## ASSIGNMENT
Excluding pictures, what does the listing below contain from the line with "Tervo Model U" up to and including the line with "Victoria Wieck 5.33ct", word for word?

## SUPPLIED DATA

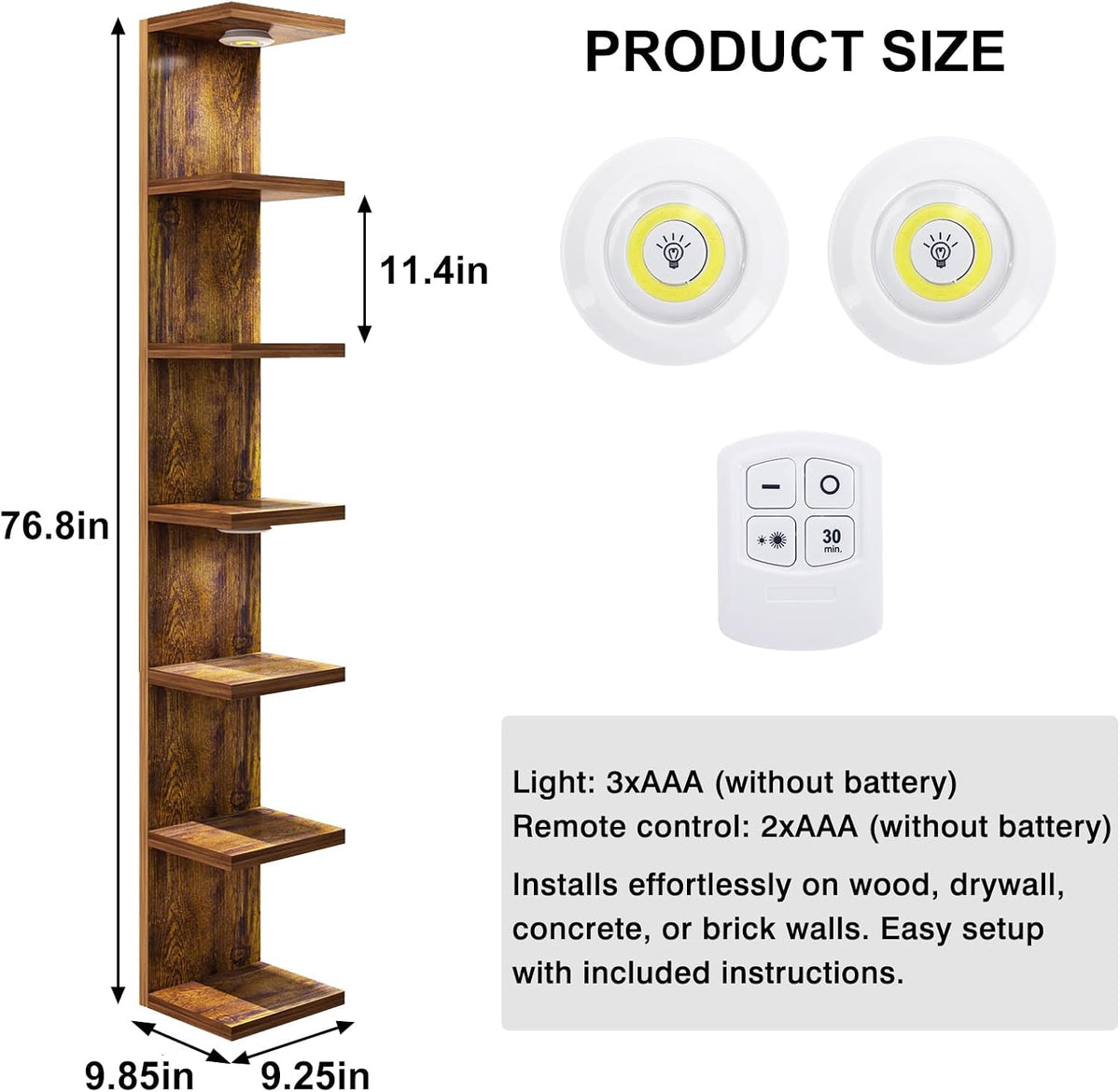 Fixwal 7 Tier Wall Shelf with LED Lights for Room Decor Rustic Brown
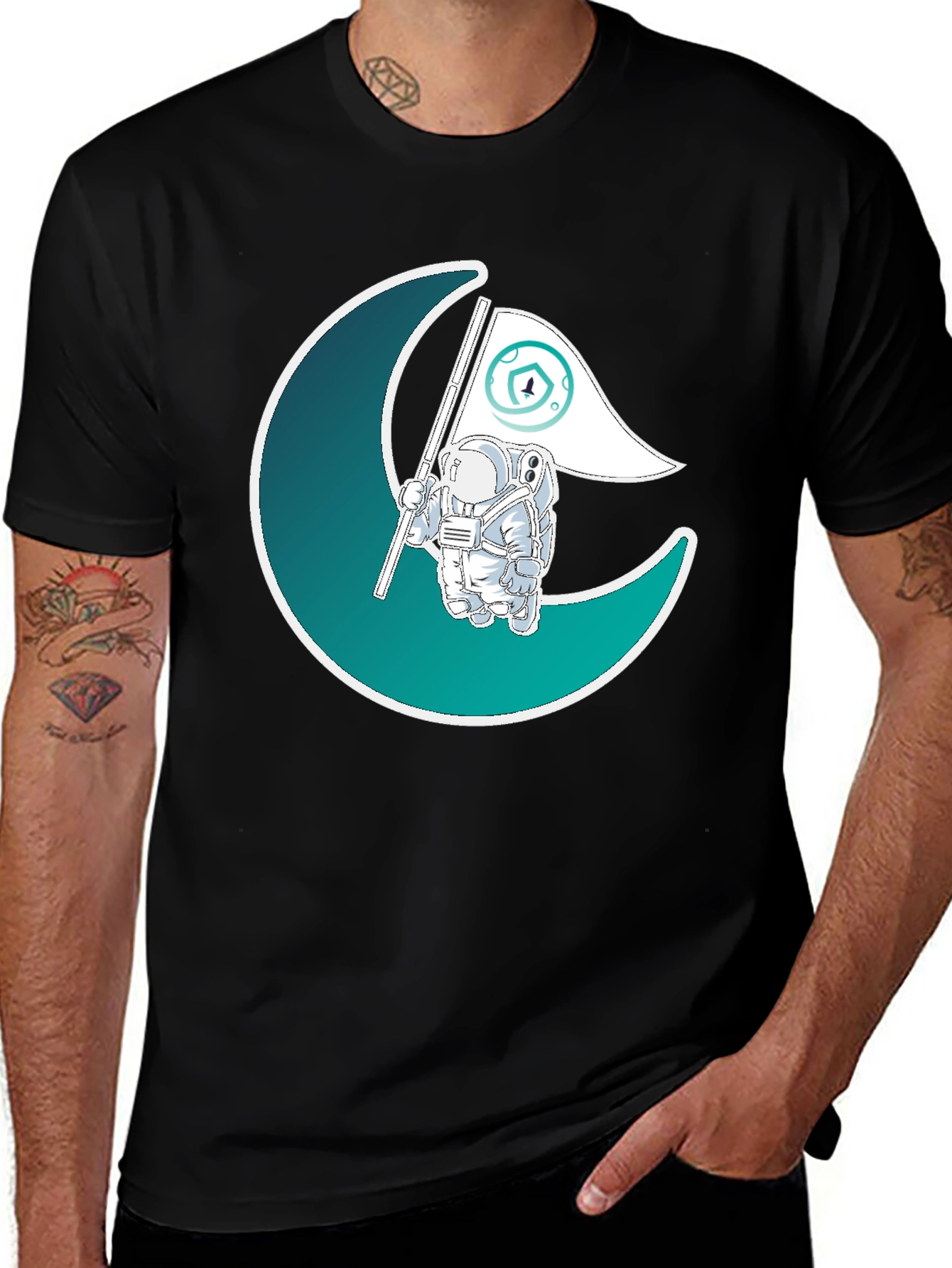 Variant 2 of Astronaut Moon Landing Graphic Tee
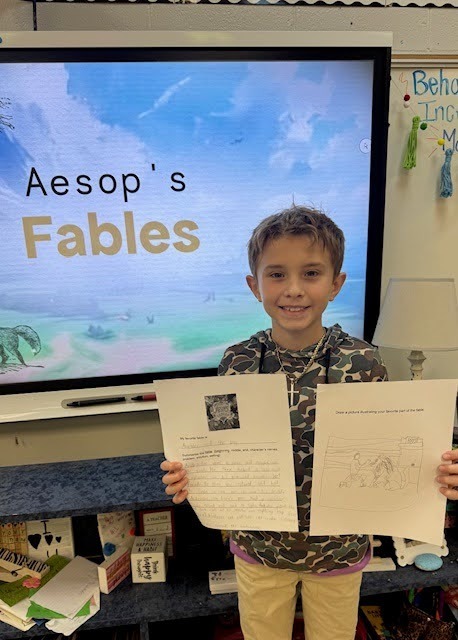 student with fable illustration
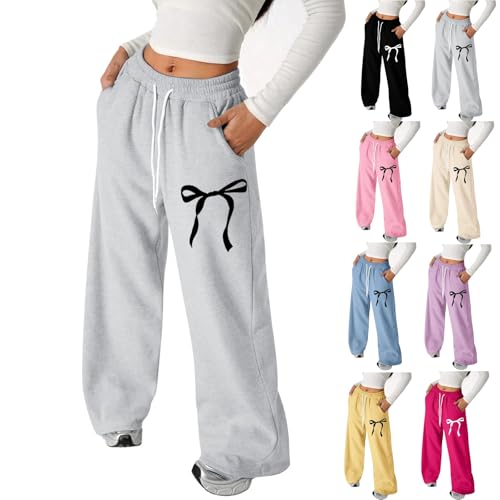 Girl's Bowknot Baggy Sweatpants Cute Straight Leg Athletic Pants With Pockets Clothes For Teen Girls 4-13 Years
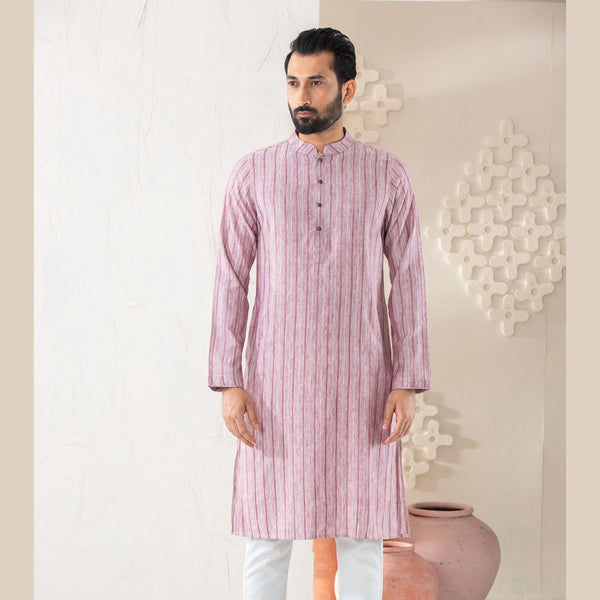 Men's Mauve Cotton Panjabi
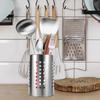 Stainless Steel Kitchen Utensil Holder Flatware Cylinder Silverware Draining Organizer Drying Rack with Round Drain Holes for Forks, Knives, Spoons,
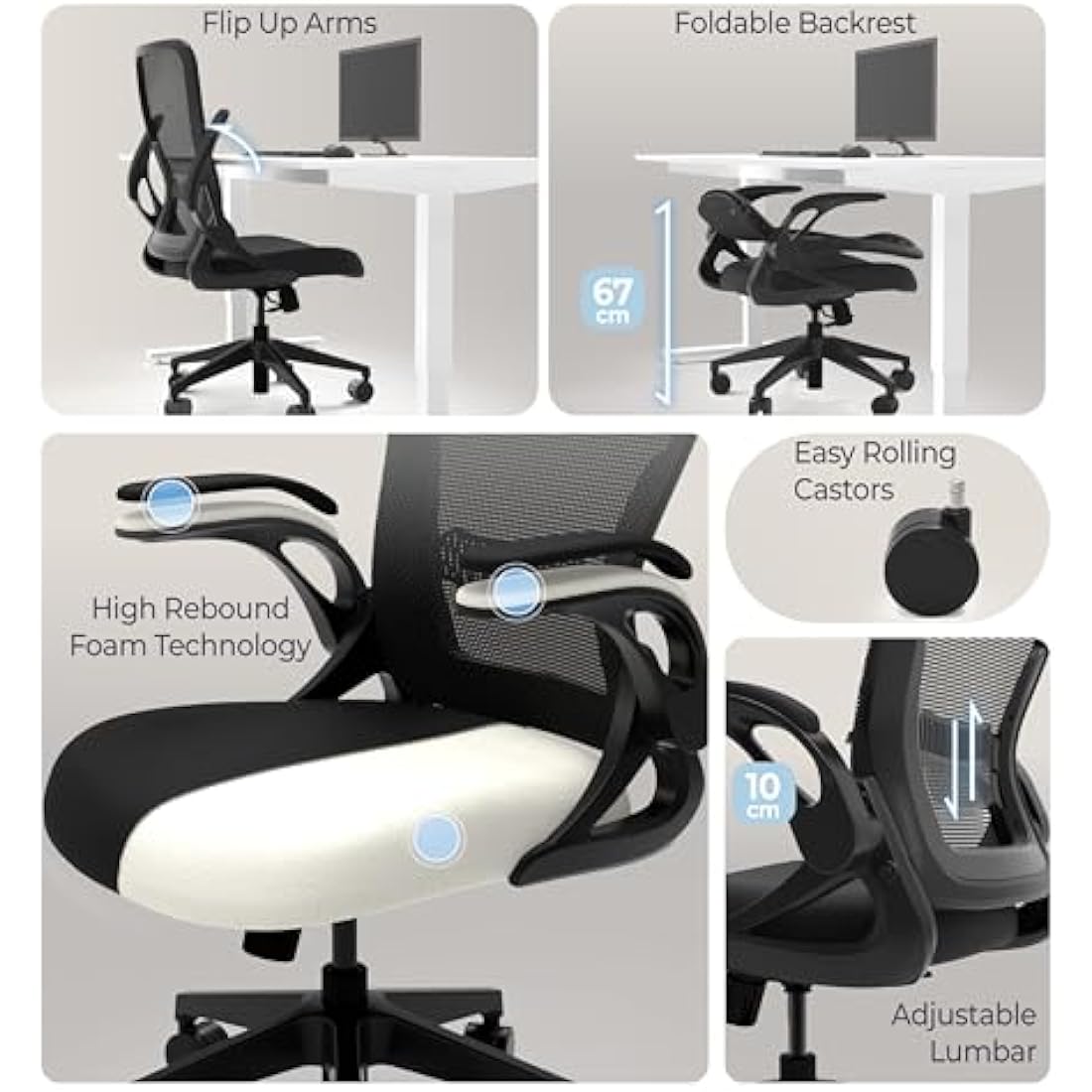 Tervo Model U – Foldable Ergonomic Mesh Office Chair with Flip-Up Arms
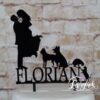 Cake Topper Paar mit Hunden und Katzen Schwarz
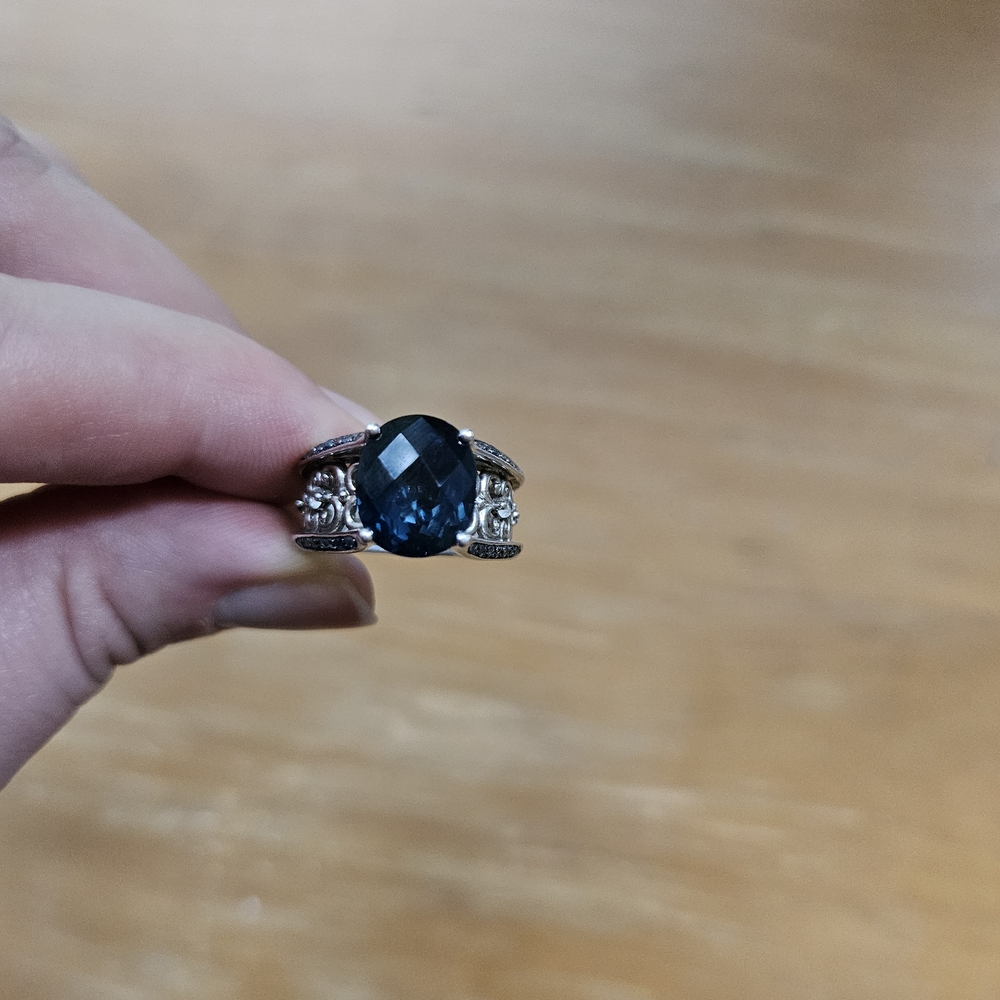 Victoria Wieck 5.33ct London Blue Topaz & Gem/Blue diamond Bridge Ring Size 7 - Picture 12 of 17
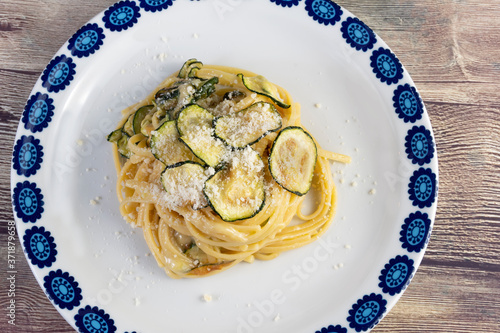 Canvastavla Linguine alla Nerano, typical of Nerano, is a Campania (Italy) dish that will captivate you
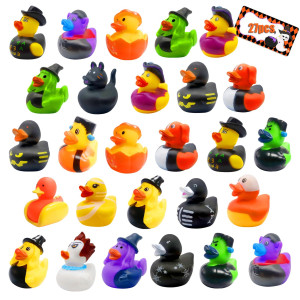 27 Pcs Halloween Party Favors Rubber Ducks Baby Showers Accessories Jeep Bath Toys For Kids Halloween Decorations Trick Or Treat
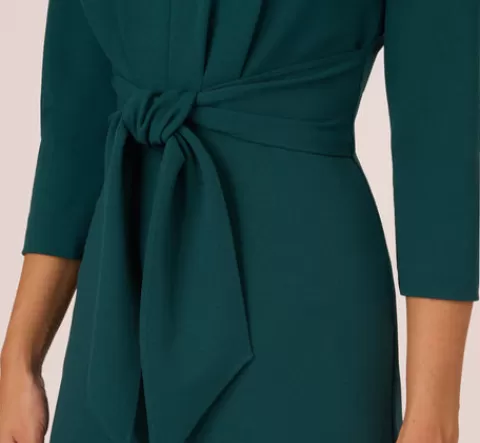 Adrianna Papell Three Quarter Sleeve Pleated Midi Dress With Tie Waist In HUNTER Fashion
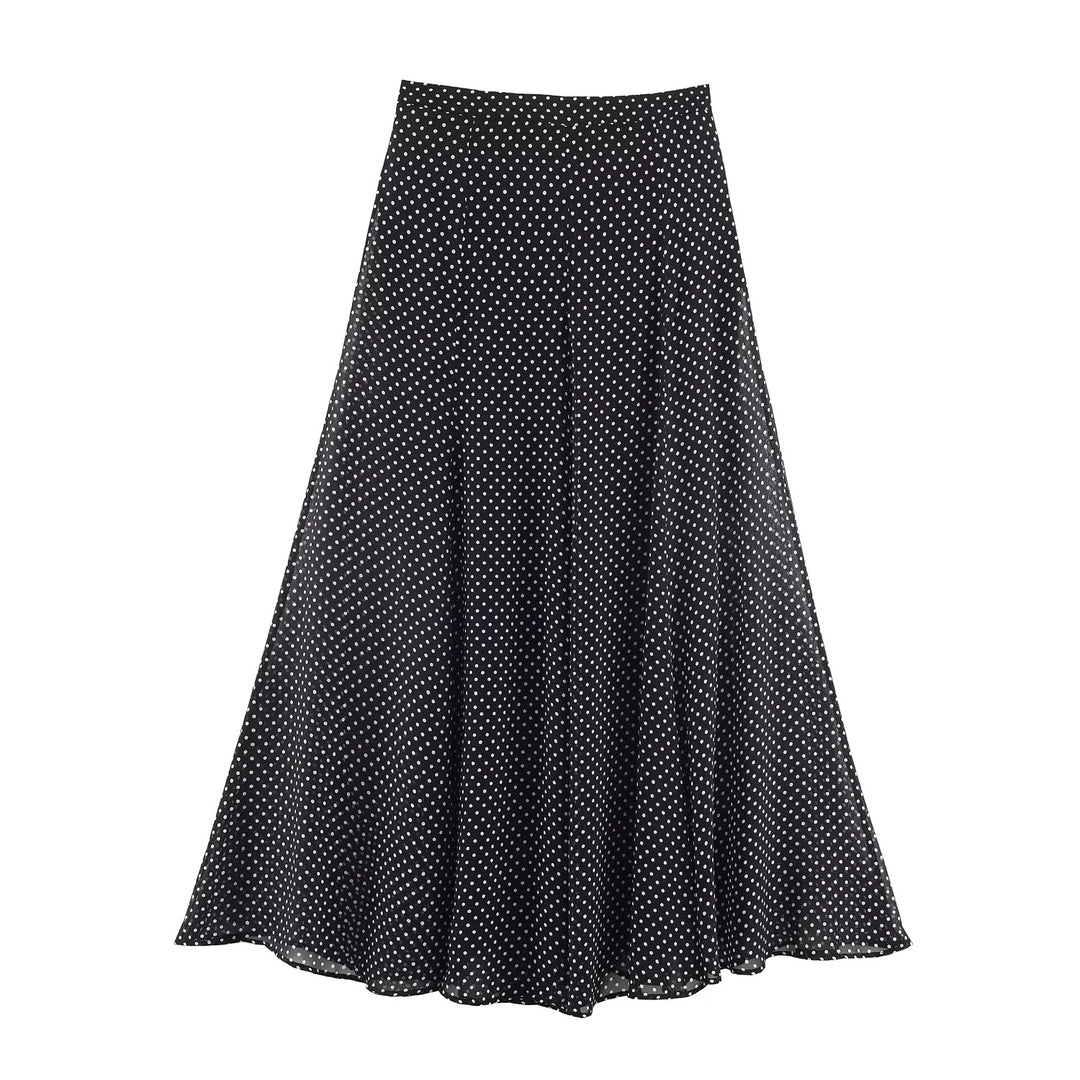 Women's A-line midi skirt with high waist, flounce fall and fine polka dot pattern made of chiffon Mune Fashion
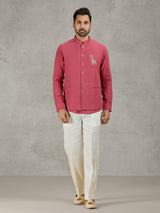 Gajri red linen waistcoat set for festive wear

## OUTPUT
 Tervo Model U – Foldable Ergonomic Mesh Office Chair with Flip-Up Arms
 Cake Topper Paar mit Hunden und Katzen Schwarz
 Victoria Wieck 5.33ct London Blue Topaz & Gem/Blue diamond Bridge Ring Size 7 - Picture 12 of 17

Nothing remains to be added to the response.